No yachting match could be so pretty as these boats, tacking and changing their figures, with their white sails, painted sides, and elegant forms, as compared with our northern sea boats. Our superior sailing, however, was soon confessed, and we went past them. As we did so, several goodnaturedly threw cucumbers and other fruits on board.

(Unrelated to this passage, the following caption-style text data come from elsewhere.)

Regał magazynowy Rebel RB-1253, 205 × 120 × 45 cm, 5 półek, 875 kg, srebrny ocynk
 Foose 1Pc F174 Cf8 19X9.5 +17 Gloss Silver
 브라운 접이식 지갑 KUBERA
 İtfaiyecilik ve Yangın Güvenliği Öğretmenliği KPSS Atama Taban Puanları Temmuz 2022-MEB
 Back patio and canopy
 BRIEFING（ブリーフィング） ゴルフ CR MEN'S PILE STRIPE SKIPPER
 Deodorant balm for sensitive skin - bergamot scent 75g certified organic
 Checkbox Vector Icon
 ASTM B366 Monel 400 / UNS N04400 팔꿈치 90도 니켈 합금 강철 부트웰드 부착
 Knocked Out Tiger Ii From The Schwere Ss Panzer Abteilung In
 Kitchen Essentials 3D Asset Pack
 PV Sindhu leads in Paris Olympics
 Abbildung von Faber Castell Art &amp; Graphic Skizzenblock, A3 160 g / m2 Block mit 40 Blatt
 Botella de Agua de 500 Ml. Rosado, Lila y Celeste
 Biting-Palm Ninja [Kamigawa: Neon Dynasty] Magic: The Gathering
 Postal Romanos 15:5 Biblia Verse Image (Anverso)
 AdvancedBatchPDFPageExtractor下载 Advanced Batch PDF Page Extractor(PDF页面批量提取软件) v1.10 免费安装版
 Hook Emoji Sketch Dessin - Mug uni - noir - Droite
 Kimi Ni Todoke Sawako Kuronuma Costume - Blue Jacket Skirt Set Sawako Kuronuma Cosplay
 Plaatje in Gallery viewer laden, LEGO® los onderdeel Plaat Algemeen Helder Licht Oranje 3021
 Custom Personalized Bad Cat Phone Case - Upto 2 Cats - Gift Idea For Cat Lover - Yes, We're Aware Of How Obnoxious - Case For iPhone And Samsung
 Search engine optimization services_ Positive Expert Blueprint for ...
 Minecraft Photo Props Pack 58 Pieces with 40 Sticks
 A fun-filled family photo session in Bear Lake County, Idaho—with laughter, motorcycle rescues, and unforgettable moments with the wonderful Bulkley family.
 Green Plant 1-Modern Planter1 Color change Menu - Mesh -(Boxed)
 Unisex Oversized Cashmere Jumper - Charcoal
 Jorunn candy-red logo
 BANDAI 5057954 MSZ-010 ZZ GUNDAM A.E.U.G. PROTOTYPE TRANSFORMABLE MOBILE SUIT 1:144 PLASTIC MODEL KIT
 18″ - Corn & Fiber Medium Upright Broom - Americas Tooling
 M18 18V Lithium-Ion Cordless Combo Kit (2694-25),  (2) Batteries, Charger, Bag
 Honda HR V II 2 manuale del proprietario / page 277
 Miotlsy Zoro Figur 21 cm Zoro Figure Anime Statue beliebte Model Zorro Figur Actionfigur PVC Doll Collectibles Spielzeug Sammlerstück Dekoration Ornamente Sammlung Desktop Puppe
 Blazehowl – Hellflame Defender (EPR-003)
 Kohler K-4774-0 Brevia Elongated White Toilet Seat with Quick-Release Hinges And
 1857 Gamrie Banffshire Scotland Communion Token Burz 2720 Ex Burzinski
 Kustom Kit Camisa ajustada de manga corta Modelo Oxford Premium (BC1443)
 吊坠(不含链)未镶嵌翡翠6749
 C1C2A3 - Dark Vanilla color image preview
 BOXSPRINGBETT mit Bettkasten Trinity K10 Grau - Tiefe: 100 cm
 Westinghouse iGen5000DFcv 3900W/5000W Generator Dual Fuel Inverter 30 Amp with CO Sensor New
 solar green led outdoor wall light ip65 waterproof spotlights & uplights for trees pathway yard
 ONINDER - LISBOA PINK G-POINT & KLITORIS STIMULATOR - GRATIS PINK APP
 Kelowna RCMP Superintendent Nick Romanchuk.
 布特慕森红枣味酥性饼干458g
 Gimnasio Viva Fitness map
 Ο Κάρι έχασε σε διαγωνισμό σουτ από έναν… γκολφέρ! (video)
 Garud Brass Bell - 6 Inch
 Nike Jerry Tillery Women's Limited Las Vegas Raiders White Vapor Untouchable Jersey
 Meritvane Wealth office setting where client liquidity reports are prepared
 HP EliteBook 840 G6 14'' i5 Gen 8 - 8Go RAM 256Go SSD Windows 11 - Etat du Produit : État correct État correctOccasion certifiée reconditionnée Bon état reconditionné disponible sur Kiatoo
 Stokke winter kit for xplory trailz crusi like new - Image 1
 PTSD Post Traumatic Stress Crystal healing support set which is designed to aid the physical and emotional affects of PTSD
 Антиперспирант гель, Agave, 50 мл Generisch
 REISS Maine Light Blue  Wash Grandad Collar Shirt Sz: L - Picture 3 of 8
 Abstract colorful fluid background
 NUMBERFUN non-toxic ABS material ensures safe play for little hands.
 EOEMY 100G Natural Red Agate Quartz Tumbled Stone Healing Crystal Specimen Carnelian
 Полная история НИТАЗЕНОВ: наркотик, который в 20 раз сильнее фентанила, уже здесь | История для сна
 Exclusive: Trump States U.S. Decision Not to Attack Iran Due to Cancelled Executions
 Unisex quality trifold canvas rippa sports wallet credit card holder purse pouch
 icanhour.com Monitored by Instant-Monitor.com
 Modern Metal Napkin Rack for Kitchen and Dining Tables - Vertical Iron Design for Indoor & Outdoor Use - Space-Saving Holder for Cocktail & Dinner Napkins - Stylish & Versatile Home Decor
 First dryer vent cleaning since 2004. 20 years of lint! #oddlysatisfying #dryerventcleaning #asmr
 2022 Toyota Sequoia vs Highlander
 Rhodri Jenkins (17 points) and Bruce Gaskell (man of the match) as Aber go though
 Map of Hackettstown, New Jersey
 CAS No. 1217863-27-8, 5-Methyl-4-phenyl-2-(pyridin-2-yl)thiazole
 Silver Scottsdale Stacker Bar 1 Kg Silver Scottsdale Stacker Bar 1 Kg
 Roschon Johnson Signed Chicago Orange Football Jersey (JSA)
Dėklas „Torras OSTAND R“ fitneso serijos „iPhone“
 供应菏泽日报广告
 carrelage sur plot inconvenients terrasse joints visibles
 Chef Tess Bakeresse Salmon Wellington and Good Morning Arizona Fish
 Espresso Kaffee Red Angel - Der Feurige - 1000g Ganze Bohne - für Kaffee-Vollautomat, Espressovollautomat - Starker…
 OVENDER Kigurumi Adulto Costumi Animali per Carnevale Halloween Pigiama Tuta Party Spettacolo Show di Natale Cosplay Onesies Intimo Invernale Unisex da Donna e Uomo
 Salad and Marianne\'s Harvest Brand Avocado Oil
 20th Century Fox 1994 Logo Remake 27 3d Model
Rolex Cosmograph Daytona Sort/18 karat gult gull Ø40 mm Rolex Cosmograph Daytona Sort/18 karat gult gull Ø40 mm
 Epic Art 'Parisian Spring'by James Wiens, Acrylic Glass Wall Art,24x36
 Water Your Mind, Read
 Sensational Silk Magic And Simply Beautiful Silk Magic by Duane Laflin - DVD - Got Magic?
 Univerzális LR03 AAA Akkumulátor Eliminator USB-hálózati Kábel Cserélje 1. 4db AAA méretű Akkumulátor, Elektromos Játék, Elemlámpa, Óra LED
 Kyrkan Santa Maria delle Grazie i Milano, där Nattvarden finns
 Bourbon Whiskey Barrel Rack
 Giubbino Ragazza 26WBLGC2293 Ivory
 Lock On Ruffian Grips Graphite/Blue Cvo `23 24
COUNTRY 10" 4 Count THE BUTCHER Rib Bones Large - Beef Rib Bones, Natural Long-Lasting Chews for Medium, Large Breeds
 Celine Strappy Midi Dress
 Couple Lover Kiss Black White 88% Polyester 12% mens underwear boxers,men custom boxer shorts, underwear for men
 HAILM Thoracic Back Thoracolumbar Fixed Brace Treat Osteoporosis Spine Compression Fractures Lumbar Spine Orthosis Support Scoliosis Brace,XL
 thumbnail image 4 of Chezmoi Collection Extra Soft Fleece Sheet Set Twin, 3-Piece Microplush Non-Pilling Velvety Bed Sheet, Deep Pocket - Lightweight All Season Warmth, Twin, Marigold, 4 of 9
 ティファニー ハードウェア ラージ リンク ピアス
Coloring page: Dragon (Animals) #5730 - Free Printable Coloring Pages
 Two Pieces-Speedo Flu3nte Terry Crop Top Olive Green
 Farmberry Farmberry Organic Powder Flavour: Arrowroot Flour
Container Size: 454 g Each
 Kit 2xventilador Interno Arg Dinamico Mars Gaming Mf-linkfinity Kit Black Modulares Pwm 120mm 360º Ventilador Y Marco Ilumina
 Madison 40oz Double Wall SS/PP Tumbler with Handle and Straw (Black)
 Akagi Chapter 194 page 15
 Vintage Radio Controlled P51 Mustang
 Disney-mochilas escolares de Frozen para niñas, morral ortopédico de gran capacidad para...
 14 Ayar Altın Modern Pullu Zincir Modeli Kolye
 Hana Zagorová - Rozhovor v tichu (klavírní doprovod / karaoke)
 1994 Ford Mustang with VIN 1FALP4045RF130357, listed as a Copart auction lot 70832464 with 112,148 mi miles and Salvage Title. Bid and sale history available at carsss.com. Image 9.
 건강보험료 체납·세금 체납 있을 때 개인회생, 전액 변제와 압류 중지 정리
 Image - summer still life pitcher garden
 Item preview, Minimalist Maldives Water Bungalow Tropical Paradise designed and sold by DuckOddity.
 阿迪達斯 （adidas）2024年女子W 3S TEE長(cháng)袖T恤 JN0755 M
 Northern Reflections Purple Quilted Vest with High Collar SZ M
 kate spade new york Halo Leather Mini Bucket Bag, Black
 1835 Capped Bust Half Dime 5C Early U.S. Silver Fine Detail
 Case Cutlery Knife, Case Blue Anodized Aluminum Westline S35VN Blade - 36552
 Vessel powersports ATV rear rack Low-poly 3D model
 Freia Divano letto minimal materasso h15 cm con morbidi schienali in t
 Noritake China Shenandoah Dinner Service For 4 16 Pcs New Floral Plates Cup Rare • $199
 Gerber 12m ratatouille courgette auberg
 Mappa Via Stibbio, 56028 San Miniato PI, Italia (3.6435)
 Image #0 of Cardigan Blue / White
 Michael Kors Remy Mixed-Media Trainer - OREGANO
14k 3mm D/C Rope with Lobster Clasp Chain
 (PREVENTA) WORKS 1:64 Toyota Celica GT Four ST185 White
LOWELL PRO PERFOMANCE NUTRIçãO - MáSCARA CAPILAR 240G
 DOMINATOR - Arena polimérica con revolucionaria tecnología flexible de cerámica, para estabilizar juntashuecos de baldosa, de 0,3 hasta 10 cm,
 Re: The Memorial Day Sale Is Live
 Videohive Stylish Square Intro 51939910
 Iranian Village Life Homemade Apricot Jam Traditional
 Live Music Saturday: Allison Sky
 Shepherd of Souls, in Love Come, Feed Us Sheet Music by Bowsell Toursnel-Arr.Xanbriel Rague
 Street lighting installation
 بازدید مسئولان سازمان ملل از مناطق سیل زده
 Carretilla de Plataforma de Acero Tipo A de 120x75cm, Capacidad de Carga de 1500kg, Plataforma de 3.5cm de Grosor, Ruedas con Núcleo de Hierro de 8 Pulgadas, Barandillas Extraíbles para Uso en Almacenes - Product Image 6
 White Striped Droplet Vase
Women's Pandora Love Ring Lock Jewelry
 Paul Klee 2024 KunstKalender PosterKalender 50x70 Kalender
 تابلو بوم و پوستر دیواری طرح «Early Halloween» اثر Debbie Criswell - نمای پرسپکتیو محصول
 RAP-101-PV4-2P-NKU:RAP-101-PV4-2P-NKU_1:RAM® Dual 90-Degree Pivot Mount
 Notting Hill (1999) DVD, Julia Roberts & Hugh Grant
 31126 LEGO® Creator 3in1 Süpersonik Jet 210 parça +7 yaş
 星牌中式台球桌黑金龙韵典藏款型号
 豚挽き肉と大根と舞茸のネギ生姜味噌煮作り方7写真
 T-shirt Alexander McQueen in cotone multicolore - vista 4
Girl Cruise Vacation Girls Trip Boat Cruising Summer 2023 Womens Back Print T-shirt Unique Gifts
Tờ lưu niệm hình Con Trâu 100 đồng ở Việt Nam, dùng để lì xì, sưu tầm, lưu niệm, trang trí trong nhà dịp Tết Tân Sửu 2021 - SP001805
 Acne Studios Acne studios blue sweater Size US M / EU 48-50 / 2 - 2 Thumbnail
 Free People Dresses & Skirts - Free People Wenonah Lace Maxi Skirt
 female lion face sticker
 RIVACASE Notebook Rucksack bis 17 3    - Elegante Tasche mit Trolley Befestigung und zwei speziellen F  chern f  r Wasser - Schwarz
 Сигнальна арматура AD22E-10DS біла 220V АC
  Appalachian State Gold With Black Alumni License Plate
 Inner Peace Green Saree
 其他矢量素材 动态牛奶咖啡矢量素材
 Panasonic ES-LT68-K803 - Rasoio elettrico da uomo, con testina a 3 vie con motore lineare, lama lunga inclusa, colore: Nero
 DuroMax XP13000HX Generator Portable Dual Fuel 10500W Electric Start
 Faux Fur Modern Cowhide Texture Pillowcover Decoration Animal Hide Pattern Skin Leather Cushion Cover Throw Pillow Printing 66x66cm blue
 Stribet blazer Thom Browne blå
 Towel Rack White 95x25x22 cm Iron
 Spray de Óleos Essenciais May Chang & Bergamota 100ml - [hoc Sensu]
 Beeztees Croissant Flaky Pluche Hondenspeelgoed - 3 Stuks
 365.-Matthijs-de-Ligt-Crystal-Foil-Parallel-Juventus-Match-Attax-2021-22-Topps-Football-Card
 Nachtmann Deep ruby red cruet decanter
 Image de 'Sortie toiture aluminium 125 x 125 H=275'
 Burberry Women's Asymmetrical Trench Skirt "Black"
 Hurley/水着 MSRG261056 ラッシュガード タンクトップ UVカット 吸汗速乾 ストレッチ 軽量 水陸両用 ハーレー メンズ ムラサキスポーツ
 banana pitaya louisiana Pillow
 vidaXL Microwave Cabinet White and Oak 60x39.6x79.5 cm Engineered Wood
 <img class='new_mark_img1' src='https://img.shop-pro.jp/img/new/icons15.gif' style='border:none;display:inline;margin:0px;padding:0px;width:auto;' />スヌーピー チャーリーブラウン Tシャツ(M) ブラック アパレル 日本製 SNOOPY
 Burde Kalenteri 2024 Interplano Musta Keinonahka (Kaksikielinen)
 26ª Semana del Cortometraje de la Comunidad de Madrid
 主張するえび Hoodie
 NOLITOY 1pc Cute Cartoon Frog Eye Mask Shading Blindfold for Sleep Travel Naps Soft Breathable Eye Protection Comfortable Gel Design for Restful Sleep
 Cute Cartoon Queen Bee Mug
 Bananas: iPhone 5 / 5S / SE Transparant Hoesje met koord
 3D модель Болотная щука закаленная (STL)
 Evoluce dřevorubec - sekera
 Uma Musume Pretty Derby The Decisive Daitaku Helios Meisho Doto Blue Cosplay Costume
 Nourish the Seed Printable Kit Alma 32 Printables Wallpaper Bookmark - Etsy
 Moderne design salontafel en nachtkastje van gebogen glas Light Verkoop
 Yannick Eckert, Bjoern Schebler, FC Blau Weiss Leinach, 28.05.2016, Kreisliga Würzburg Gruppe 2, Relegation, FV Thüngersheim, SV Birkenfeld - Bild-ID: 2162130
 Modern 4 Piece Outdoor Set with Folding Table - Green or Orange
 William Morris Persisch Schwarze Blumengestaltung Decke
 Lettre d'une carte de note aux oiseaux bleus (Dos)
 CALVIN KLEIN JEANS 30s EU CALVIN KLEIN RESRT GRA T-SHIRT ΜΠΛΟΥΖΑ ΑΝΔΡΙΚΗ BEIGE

We cast anchor not far from the second castle near the northern side, and put ashore to water where we saw a spring. It was evening, and under the shade of a fine plane tree, by a pool lined and edged with marble, before a fountain of elegant architecture, sat on variegated carpets some majestic Turks. They were armed and richly dressed. Their composed, placid countenances seemed unmoved at our approach. One of them spoke and made me a sign to draw nearer. I did so, and with an air at once courteous and commanding he signed to me to sit near him and offered me a long pipe to smoke. After some pause he put questions, and smiled when I could not answer them. By their gestures and the word Inglis I saw they were aware of our nationality. They looked approbation and admired the quality of my grey cloth coat. After some minutes I rose and left them with a bow, enchanted with their politeness, and fancying myself in a scene of the 'Arabian Nights.'

Shortly after we were visited by our consul and his son. We learnt later that they were Jews, but their handsome appearance imposed completely on us, and, in spite of the mixture of Jewish obsequiousness, their Turkish dignity made us conceive a prodigious opinion of them. The consul understood quickly that I was a milordo, and taking from his pocket an antique intaglio he begged my acceptance of it with a manner I in my innocence thought I could not refuse. I was anxious to show my sense of his courtesy by the offer of a pound of best Dartford powder, which, after some pressing, he accepted; but at the same time added, so far as I understood through the interpreter, that he hoped I did not mean to pay him for his intaglio. I was overcome with confusion, shocked at my own indelicacy in giving so coarse an expression to my gratitude, and I would have given worlds to have undone the whole affair. Of course my embarrassment was perfectly needless. A little experience of them taught me that this was only the shallow finesse of the Orientals, and looking back I have laughed to think of my ingenuous greenness at that time.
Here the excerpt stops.